Generative adversarial networks (GAN), which estimate the real data distribution through an adversarial game, have achieved great success in image generation and text generation. However, many decision models from real world applications are trained on relational data that contains both numerical and categorical attributes. Furthermore, real world applications often have legal or ethical requirements on the generated data, e.g., discrimination free or privacy preservation, or expect to generate complementary samples to their existing data that may only contain normal samples. The research significantly improves the applicability of generative adversarial networks from image/text data to relational data with application requirements and contributes to the limited base of knowledge in the area of using generative adversarial networks for constraint aware relational data generation. The findings, tools, software code, and curricular materials documents are disseminated to the research community, IT industry, and users, which expects to help domain users generate constraint aware data to meet their business needs.

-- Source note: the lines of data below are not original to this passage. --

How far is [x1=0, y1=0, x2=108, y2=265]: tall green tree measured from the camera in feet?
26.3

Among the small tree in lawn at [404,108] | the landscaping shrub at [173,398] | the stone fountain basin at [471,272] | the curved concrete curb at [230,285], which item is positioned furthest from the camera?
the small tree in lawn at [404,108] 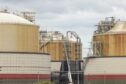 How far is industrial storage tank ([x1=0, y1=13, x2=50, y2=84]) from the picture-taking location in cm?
8788

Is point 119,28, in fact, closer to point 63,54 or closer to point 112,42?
point 112,42

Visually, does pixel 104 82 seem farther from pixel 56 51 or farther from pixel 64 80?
pixel 56 51

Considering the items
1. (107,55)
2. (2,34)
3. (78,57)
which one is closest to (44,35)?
(78,57)

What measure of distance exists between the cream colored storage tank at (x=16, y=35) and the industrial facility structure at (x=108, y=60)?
1229 centimetres

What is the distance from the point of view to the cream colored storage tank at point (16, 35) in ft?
297

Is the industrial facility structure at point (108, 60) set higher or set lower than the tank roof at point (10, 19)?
lower

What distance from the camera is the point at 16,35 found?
3573 inches

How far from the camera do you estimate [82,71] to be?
338 ft

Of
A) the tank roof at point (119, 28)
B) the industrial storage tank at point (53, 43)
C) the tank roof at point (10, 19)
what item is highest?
the tank roof at point (10, 19)

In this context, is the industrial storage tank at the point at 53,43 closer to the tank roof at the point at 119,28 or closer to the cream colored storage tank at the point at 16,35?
the tank roof at the point at 119,28

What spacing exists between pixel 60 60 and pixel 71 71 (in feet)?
43.3

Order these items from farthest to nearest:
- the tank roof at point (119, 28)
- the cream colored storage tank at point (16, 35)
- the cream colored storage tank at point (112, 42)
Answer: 1. the tank roof at point (119, 28)
2. the cream colored storage tank at point (112, 42)
3. the cream colored storage tank at point (16, 35)

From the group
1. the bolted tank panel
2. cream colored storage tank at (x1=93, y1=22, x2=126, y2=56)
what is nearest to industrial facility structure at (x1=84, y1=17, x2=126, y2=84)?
cream colored storage tank at (x1=93, y1=22, x2=126, y2=56)

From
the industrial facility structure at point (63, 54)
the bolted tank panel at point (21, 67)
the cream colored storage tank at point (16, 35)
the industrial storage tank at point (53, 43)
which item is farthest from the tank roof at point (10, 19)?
the industrial storage tank at point (53, 43) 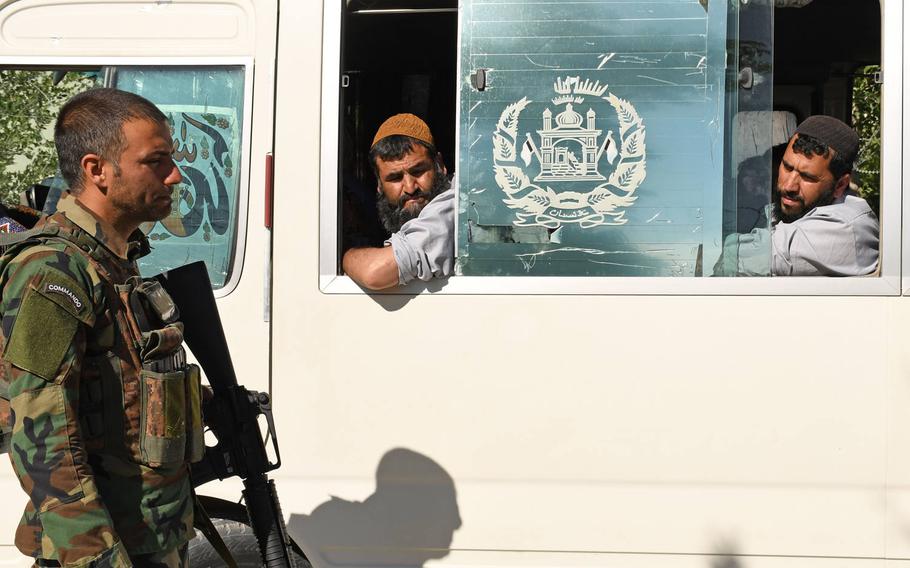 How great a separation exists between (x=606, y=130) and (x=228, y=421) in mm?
1338

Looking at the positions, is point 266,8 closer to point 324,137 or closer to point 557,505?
point 324,137

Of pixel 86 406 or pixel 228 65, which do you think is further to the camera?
pixel 228 65

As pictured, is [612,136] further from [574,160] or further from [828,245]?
[828,245]

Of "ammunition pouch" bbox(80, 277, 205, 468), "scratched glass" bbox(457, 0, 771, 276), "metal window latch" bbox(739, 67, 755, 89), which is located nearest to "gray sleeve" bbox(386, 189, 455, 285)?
"scratched glass" bbox(457, 0, 771, 276)

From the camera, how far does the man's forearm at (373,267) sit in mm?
2865

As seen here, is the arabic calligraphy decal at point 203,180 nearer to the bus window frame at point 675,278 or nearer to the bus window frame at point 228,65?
the bus window frame at point 228,65

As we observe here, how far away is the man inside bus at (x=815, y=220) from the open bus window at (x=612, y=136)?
1.1 inches

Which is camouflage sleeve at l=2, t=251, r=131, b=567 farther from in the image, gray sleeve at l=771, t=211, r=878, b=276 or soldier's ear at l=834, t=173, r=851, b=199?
soldier's ear at l=834, t=173, r=851, b=199

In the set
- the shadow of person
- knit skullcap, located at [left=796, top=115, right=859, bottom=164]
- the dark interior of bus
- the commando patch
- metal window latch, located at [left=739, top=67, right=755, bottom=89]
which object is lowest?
the shadow of person

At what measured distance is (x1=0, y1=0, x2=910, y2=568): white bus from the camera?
2.82 m

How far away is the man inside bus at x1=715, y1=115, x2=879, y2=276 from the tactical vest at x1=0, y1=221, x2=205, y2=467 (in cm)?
161

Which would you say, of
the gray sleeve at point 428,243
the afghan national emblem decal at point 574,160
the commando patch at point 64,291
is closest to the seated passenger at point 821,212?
the afghan national emblem decal at point 574,160

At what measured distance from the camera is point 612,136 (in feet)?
9.48

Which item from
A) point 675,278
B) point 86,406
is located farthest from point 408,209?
point 86,406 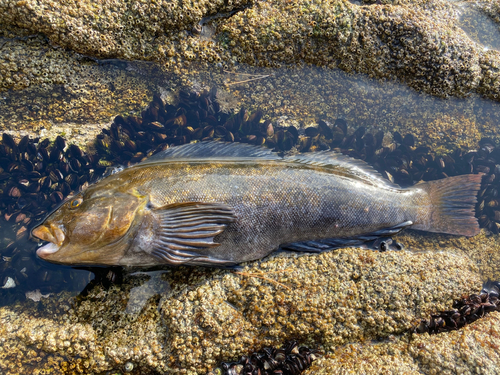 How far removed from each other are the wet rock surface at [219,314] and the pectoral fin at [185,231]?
0.35m

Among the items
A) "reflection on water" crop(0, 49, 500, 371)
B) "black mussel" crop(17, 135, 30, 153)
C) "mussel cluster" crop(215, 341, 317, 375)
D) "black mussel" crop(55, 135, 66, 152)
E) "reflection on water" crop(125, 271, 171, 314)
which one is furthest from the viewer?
"black mussel" crop(55, 135, 66, 152)

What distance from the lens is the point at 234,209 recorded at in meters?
3.68

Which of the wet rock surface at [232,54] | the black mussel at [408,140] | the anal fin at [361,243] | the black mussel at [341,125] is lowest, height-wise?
the anal fin at [361,243]

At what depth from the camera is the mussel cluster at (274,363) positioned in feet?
10.7

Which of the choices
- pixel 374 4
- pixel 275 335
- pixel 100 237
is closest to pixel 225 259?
pixel 275 335

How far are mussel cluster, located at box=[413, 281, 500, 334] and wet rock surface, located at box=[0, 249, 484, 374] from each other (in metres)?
0.10

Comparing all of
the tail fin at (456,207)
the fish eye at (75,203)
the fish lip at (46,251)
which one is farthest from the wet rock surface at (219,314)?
the fish eye at (75,203)

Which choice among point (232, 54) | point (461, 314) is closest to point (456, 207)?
point (461, 314)

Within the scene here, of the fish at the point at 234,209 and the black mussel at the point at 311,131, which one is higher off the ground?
the black mussel at the point at 311,131

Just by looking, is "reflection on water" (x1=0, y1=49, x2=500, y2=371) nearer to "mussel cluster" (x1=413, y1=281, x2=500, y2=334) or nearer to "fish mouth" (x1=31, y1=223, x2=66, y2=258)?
"fish mouth" (x1=31, y1=223, x2=66, y2=258)

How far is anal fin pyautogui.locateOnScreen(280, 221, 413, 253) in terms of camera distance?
3889 millimetres

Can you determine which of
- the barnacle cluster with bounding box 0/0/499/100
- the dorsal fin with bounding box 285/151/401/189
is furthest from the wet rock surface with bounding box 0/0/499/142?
the dorsal fin with bounding box 285/151/401/189

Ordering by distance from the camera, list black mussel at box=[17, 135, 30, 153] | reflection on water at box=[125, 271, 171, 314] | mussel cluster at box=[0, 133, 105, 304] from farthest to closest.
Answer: black mussel at box=[17, 135, 30, 153], mussel cluster at box=[0, 133, 105, 304], reflection on water at box=[125, 271, 171, 314]

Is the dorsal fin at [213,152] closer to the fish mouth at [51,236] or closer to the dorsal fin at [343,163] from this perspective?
the dorsal fin at [343,163] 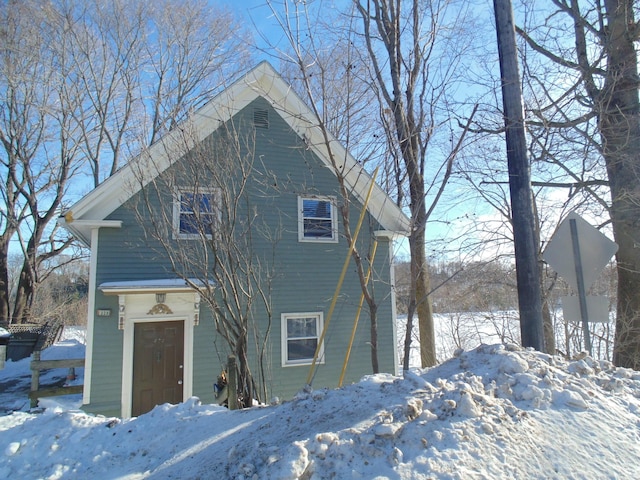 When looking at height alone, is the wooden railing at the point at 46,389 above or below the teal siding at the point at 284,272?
below

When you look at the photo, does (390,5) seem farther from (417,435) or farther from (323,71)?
(417,435)

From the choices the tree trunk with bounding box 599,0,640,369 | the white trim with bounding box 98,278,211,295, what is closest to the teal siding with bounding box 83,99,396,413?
the white trim with bounding box 98,278,211,295

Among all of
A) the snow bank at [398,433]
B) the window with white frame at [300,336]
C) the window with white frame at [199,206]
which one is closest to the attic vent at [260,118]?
the window with white frame at [199,206]

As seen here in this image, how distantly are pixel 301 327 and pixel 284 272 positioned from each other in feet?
4.67

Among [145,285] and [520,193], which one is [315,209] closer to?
[145,285]

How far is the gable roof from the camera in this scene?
8.53 metres

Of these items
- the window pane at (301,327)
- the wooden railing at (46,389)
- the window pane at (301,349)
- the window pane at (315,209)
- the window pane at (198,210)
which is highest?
the window pane at (315,209)

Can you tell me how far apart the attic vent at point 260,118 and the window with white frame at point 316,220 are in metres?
2.05

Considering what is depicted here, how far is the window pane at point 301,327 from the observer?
10.3m

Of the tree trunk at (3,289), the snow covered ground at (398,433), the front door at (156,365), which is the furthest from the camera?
the tree trunk at (3,289)

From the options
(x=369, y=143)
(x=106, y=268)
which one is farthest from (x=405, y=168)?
(x=106, y=268)

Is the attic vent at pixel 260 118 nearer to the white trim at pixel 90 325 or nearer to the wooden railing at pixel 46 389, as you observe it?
the white trim at pixel 90 325

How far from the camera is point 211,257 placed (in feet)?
29.1

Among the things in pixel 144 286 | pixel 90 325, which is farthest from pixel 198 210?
pixel 90 325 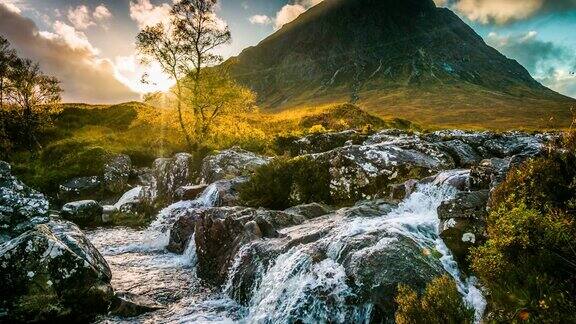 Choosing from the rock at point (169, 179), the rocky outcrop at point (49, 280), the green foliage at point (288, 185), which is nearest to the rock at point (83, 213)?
the rock at point (169, 179)

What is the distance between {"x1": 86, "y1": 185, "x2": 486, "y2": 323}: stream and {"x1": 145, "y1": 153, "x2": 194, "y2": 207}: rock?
14279 millimetres

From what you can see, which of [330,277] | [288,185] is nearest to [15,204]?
[288,185]

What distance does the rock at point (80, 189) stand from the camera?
3844cm

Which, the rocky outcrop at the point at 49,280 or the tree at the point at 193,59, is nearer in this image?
the rocky outcrop at the point at 49,280

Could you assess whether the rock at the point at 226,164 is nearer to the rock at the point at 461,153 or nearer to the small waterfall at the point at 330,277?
the rock at the point at 461,153

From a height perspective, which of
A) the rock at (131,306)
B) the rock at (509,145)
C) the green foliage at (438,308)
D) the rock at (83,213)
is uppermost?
the rock at (509,145)

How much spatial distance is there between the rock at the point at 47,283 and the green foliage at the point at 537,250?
435 inches

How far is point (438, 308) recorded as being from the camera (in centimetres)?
628

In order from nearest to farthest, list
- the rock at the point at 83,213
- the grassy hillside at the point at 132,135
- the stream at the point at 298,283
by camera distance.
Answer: the stream at the point at 298,283 < the rock at the point at 83,213 < the grassy hillside at the point at 132,135

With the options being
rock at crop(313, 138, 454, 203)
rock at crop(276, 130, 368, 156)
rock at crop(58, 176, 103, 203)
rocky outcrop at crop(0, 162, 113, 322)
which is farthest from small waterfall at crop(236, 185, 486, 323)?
rock at crop(58, 176, 103, 203)

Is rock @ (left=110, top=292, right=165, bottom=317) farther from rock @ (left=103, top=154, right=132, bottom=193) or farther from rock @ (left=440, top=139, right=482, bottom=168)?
rock @ (left=103, top=154, right=132, bottom=193)

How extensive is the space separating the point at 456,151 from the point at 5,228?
71.5 ft

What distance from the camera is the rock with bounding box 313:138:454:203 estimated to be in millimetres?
19156

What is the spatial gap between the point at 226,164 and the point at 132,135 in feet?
104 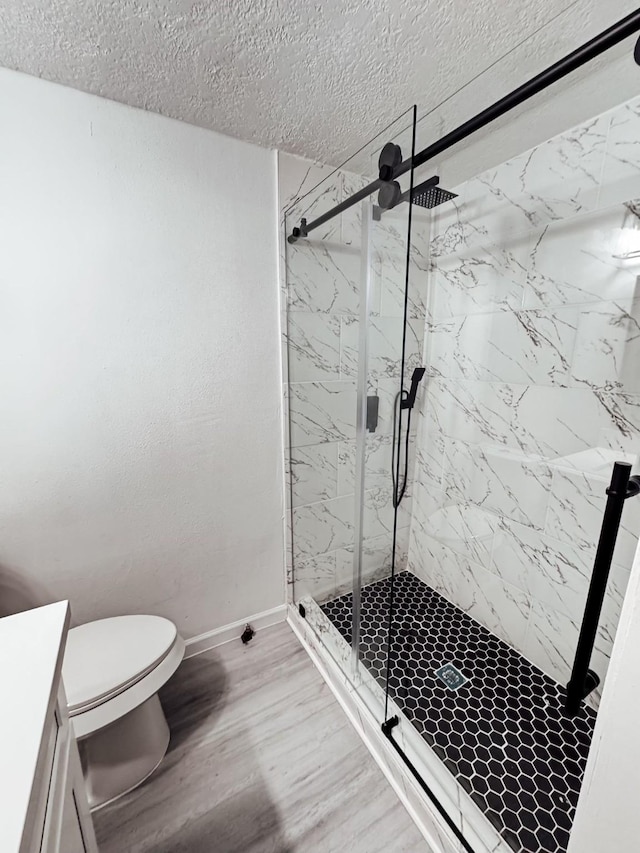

This EAGER research develops novel techniques that enable the current generative adversarial networks to generate realistic relational data with constraints. The developed framework adds a decoder to the generator to generate both numerical and categorical data and incorporates constraint terms into the objective functions of generator and discriminator or introduces multiple discriminators to enforce requirement constraints. The research adopts f-divergences to analyze the convergence of the constraint aware GAN framework when complex constraints are introduced. The research then focuses on developing under the unifying framework two specific models, fair GAN for generating discrimination-free data, and complementary GAN for generating negative samples when only positive samples are available in the training data. The research conducts empirical evaluations of the framework and two specific models in terms of accuracy and convergence, implements and integrates the developed algorithms into TensorFlow, an open source deep learning software system. The developed framework expects to advance theoretical understanding of generative adversarial networks and the two specific GAN models expect to improve the current research on fairness aware learning and fraud detection. In particular, the fair GAN introduces the new approach of fair data generation based on GAN as current fairness aware learning research mainly adopts data modification. The complimentary GAN outperforms existing one-class classification models for fraud detection by generating complementary samples and enabling the trained discriminator to accurately separate abnormal samples from normal ones.
This award reflects NSF's statutory mission and has been deemed worthy of support through evaluation using the Foundation's intellectual merit and broader impacts review criteria.